Which browsers does Skyvern support?

Skyvern is primarily optimized for Chromium-based browsers (like Google Chrome, Microsoft Edge) and interacts with browsers through Chrome DevTools Protocol (CDP). It supports connecting to both local and remote browser instances.

What if Skyvern gets stuck while executing a task?

Skyvern provides multiple debugging tools:

Live streaming functionality lets you observe the execution process
Detailed task history allows reviewing each operation step
You can intervene in task execution through UI or code
Comprehensive logging helps diagnose issues

How well does Skyvern perform?

According to WebBench benchmark tests, Skyvern achieves 64.4% accuracy on overall tasks, with particularly outstanding performance on “write” tasks (like form filling, login, file downloads, etc.), which are core requirements for RPA scenarios.

Can Skyvern’s behavior be customized?

Yes, Skyvern offers multiple customization methods:

Define output format through data extraction schemas
Define stopping conditions through error codes
Support for custom workflows combining multiple tasks
Integration of custom code blocks

Conclusion

Skyvern represents a significant advancement in the field of browser automation.
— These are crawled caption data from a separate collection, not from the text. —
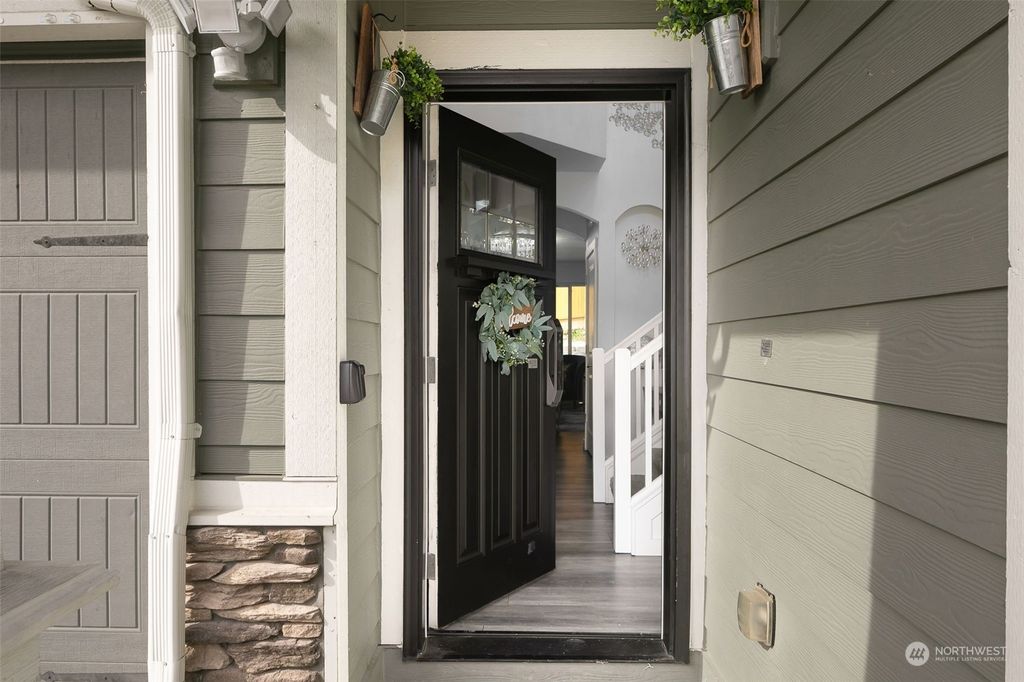 Photo of 13016 SE 309th Place, Auburn, WA 98092 (MLS # 2221988)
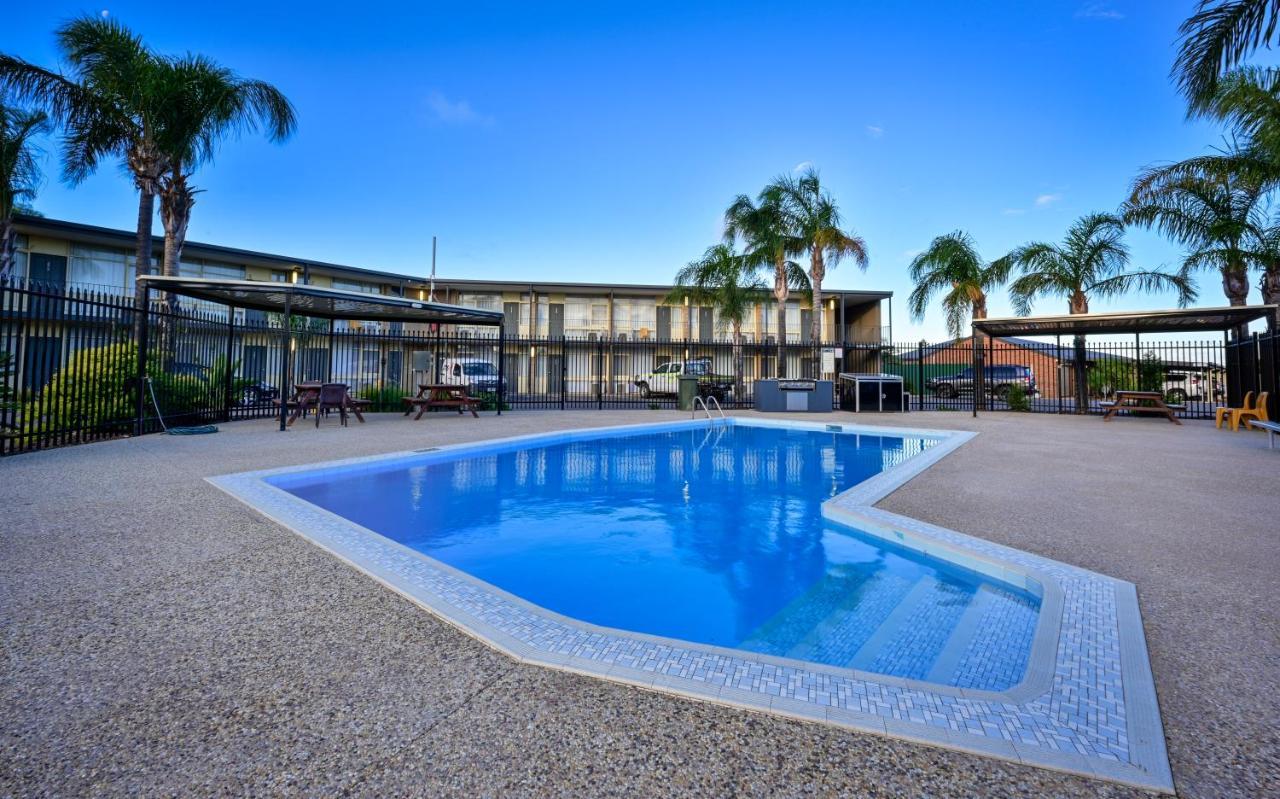 Westland Hotel Motel Whyalla Exterior photo
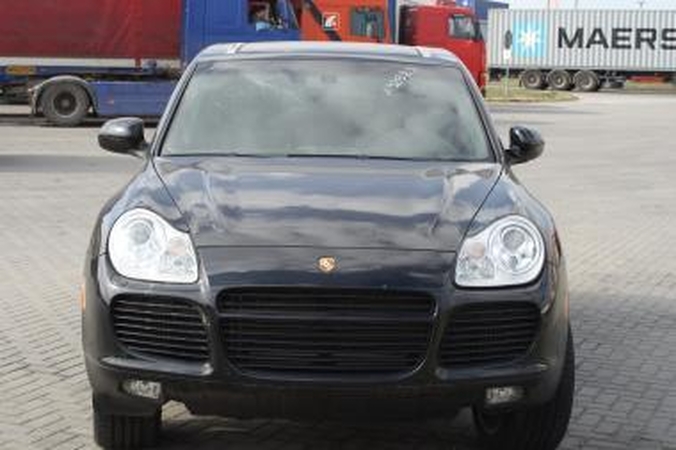 Klaipėdoje sulaikytas Amerikoje pavogtas prabangus "Porsche"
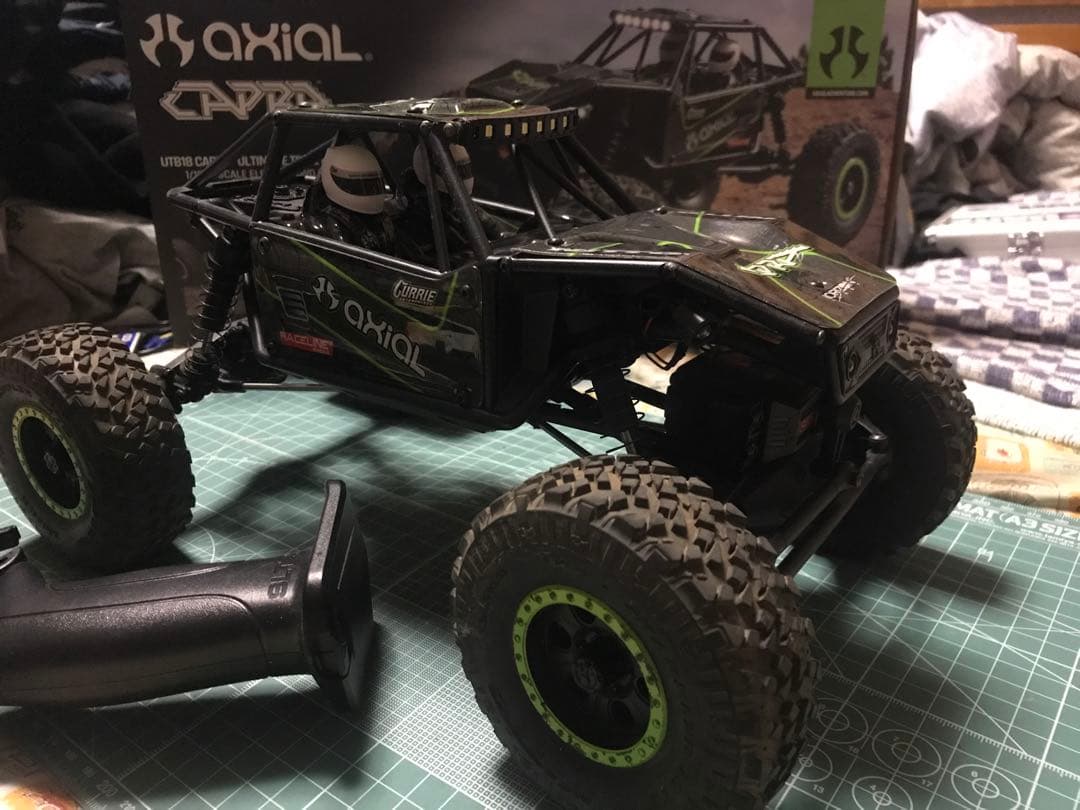 ホビーラジコン AXIAL CAPRA UTB18 RTR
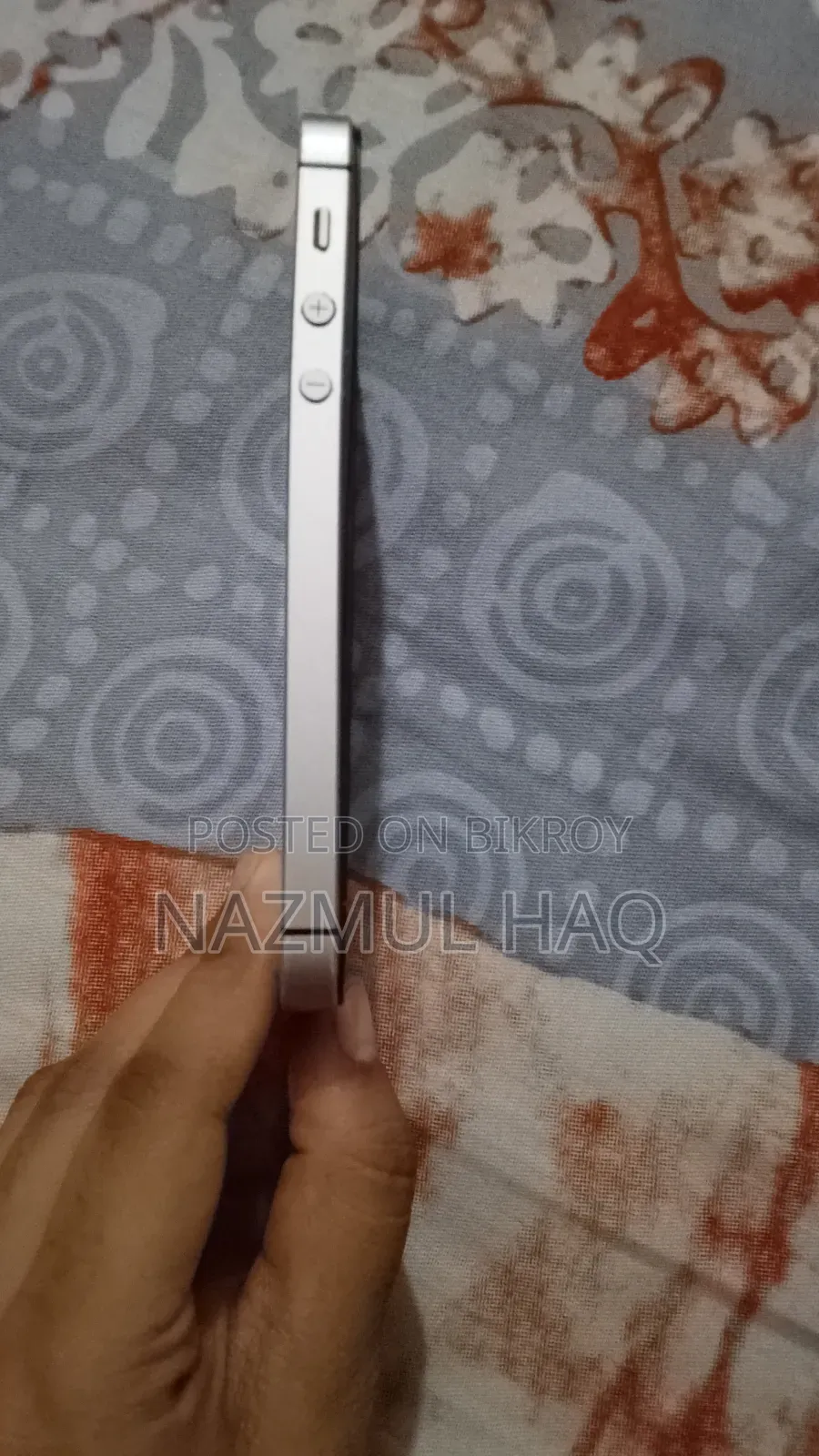 Apple iPhone SE 32 GB Gray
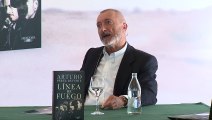 Pérez-Reverte: «Los políticos han reabierto la Guerra Civil»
By combining LLMs and computer vision, it addresses the fundamental limitations of traditional automation methods. It doesn’t require writing specific code for each website, can adapt to website layout changes, and possesses the ability to handle complex situations.

Whether you’re a business looking to automate repetitive workflows or a developer seeking more reliable browser automation solutions, Skyvern is worth trying. Its open-source version provides complete core functionality, while the cloud service offers convenience for users who don’t want to manage infrastructure.

As AI technology continues to evolve, tools like Skyvern have the potential to fundamentally change how we interact with web applications, freeing people from repetitive tasks and allowing them to focus on more valuable work.